A fresh look at enterprise….Not an easy challenge when you have been looking at it for decades! How do we engage the history department and the art team?
So how about if we look at Enterprise as a mathematical expression. How would you express it?
I think this has a lot to offer:
E = P x SI
Enterprise is the product of Power multiplied by Self Interest.
Power is the capacity to make things happen to get things done. It is about the ability to organise people, money and other resources to make things happen.
Self Interest is the extent to which we know what it is that we want to achieve. It is about vision, ambition, goals, vocation, purpose, dreams, aspirations and hopes. But self interest is not selfish. Self interest is mediated through a set of relationships with others. With supporters, colleagues, investors and activists (who might have an interest in whether we are helping or harming). Self interest (rightly understood) is the driving force for making progress, for realising potential, for negotiating an interesting and worthwhile life. Increasingly self interest and therefore enteprise is associated with interest in global issues such as climate change, social justice and wellbeing as much as it is about financial wealth.
If this expression has any merit then to embed enterprise in FE – or anywhere else – we need to understand it as an act of embedding the development of power and self interest – rightly understood.
Enterprise becomes a genuine developmental process. It is about equipping people with the knowledge, skills, wisdom and experience to develop their power (capacity to act; to get things done) and really develop an understanding of what lies in their own self interest.

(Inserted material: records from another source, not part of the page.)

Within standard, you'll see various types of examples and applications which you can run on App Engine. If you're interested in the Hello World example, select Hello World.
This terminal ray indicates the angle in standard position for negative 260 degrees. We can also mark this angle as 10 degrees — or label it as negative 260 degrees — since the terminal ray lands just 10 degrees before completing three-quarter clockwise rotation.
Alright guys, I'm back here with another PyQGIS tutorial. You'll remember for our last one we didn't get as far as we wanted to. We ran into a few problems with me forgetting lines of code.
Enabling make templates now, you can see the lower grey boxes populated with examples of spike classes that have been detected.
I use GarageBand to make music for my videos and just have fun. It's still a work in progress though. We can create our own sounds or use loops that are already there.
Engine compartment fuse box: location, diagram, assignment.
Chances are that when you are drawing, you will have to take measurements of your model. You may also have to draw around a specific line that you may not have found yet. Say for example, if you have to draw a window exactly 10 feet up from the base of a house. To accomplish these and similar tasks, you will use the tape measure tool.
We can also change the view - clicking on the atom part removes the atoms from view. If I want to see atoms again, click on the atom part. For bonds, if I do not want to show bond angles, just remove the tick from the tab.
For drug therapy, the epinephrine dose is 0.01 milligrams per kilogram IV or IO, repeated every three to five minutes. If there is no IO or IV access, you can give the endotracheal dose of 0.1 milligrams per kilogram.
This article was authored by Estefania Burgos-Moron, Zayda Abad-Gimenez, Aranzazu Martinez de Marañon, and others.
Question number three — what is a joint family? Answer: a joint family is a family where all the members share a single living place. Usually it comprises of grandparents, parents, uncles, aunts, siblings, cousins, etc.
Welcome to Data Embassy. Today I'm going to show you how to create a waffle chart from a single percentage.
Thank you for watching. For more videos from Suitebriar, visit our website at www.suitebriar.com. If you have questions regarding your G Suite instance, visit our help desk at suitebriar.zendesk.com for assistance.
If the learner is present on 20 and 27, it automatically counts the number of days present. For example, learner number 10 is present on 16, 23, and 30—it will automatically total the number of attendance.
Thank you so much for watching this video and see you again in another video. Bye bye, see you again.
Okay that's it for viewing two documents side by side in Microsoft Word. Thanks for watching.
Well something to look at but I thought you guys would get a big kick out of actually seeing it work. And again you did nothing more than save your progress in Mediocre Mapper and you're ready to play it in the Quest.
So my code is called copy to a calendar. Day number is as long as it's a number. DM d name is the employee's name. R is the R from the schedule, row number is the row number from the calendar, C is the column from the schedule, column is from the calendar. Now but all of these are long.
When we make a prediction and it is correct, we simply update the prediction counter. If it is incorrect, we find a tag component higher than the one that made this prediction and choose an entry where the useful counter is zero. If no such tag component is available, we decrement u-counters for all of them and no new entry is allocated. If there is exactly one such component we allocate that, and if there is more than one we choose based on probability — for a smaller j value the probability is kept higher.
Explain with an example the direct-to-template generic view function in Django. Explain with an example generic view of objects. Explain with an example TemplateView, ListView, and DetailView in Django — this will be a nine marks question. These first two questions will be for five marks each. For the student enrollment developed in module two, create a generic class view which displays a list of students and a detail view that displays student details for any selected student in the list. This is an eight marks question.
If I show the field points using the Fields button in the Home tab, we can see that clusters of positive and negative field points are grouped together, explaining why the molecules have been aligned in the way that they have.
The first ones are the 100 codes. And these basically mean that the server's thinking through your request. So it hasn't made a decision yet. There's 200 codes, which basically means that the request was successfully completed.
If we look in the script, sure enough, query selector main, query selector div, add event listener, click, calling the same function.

It comes straight from the schools of Alinsky and Freire as much as it does from the beliefs of Branson, Sugar et al.
Under this formulation the relevance of enterprise to:
- History and politics (think of Hitler, Gandhi and Mandela as studies in power and self interest as examples of enterprise in action),
- English and the arts (think communication, imagination, visioning), and
- Vocational education becomes very clear.
Doesn’t it?
It allows enterprise to be applied to much more than entrepreneurship. It becomes a discipline for living an interesting and worthwhile life.
And isn’t that what education is meant to prepare us for?